Give again, unaltered, the line with "Hello, my students." and all lines that follow it in the listing below, minus any pictures.

Collected data =
──────
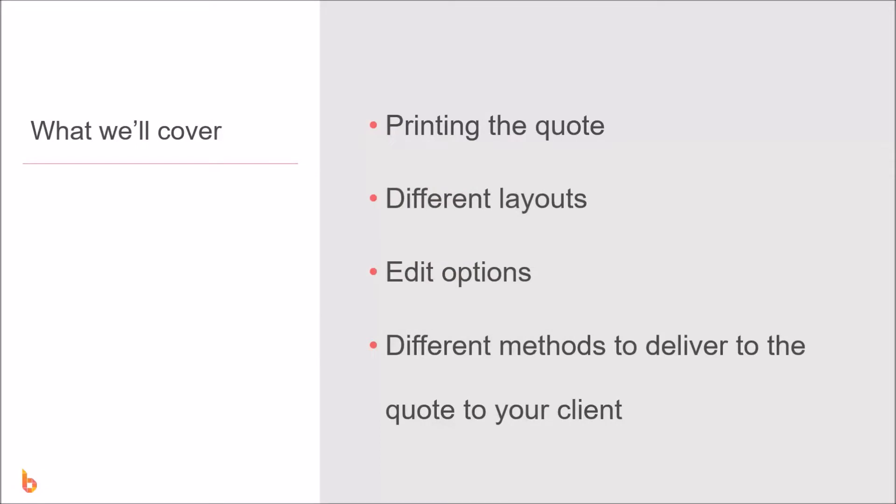In this video we're going to look at printing quotes. We'll look at the different layouts you can select and how that affects what the client sees. We'll look at different things you can tinker with and options you can change. We'll also look at the different delivery methods including email, the client portal, and digital acceptance if you want your client to digitally sign your quotes.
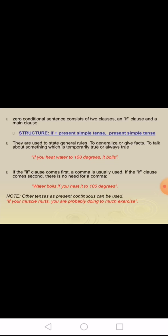Hello, my students. Today we are going to talk about conditionals. Zero conditional: a zero conditional sentence consists of two clauses — an if clause and a main clause. Structure: if plus present simple tense, the result is present simple tense. It is used to generalize or give facts, to talk about something which is temporarily true or always true.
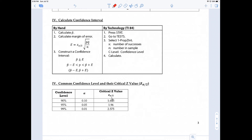Those critical values never change. The critical Z values — Z sub alpha over 2 — for those confidence levels are always the same values. Please use these values in your calculations of margin of error and other quantities. If the problem states the confidence level is 90%, use that corresponding critical value when calculating the margin of error. The margin of error is typically where we use the critical values in our calculations.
──────
Answer =
Hello, my students. Today we are going to talk about conditionals. Zero conditional: a zero conditional sentence consists of two clauses — an if clause and a main clause. Structure: if plus present simple tense, the result is present simple tense. It is used to generalize or give facts, to talk about something which is temporarily true or always true.
Those critical values never change. The critical Z values — Z sub alpha over 2 — for those confidence levels are always the same values. Please use these values in your calculations of margin of error and other quantities. If the problem states the confidence level is 90%, use that corresponding critical value when calculating the margin of error. The margin of error is typically where we use the critical values in our calculations.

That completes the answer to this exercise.